··· ENTRIES PROVIDED
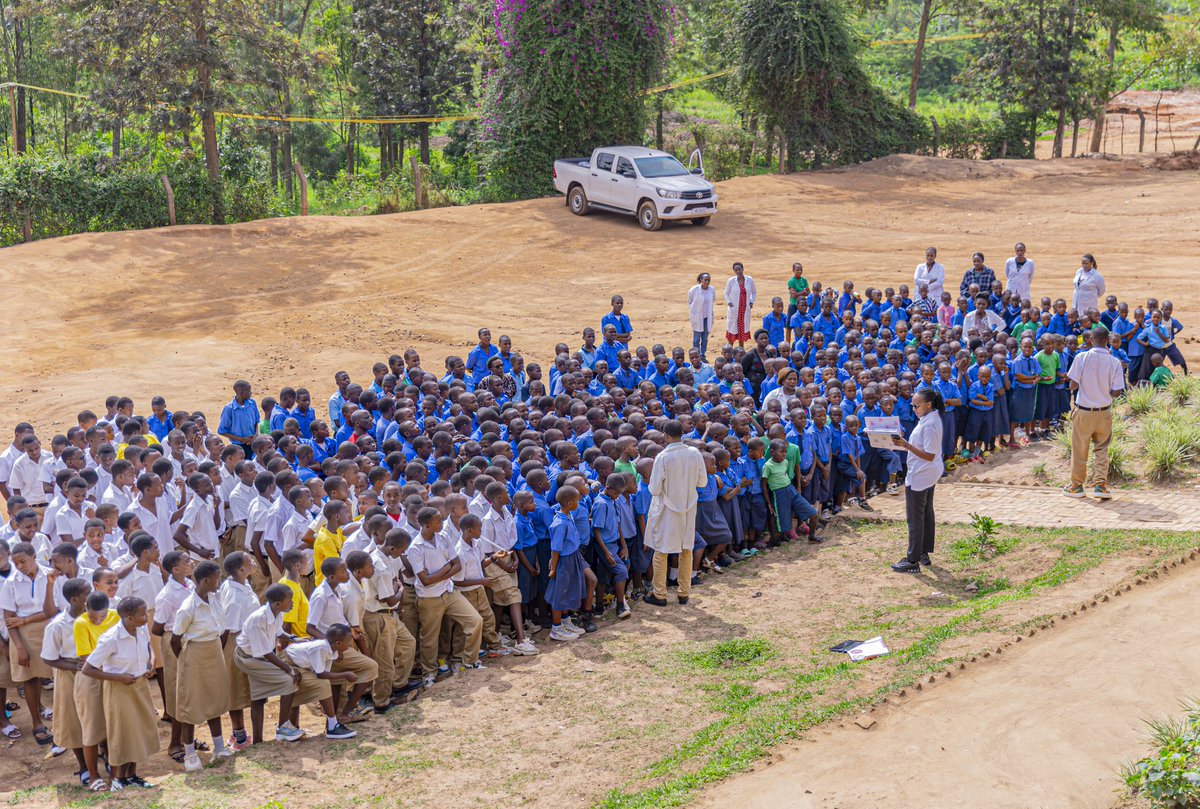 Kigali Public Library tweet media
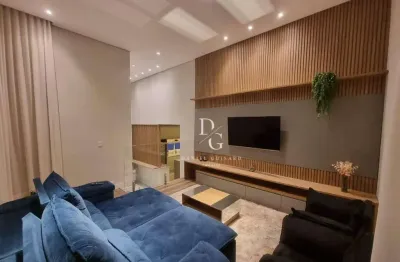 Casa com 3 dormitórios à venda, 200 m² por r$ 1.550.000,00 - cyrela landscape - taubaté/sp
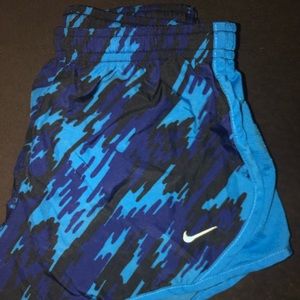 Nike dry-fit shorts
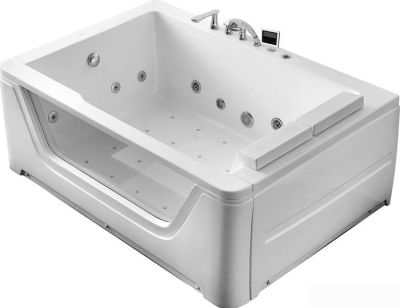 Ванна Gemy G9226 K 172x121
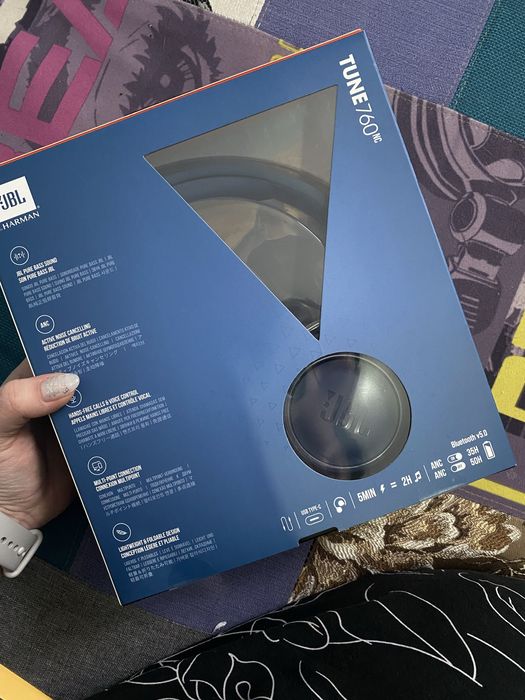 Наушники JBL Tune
······
▶ [TASK DETAILS] Ignore the images and quote every line of the listing exactly.

▶ [EXERCISE RESULT]
 Kigali Public Library tweet media
 Casa com 3 dormitórios à venda, 200 m² por r$ 1.550.000,00 - cyrela landscape - taubaté/sp
 Nike dry-fit shorts
 Ванна Gemy G9226 K 172x121
 Наушники JBL Tune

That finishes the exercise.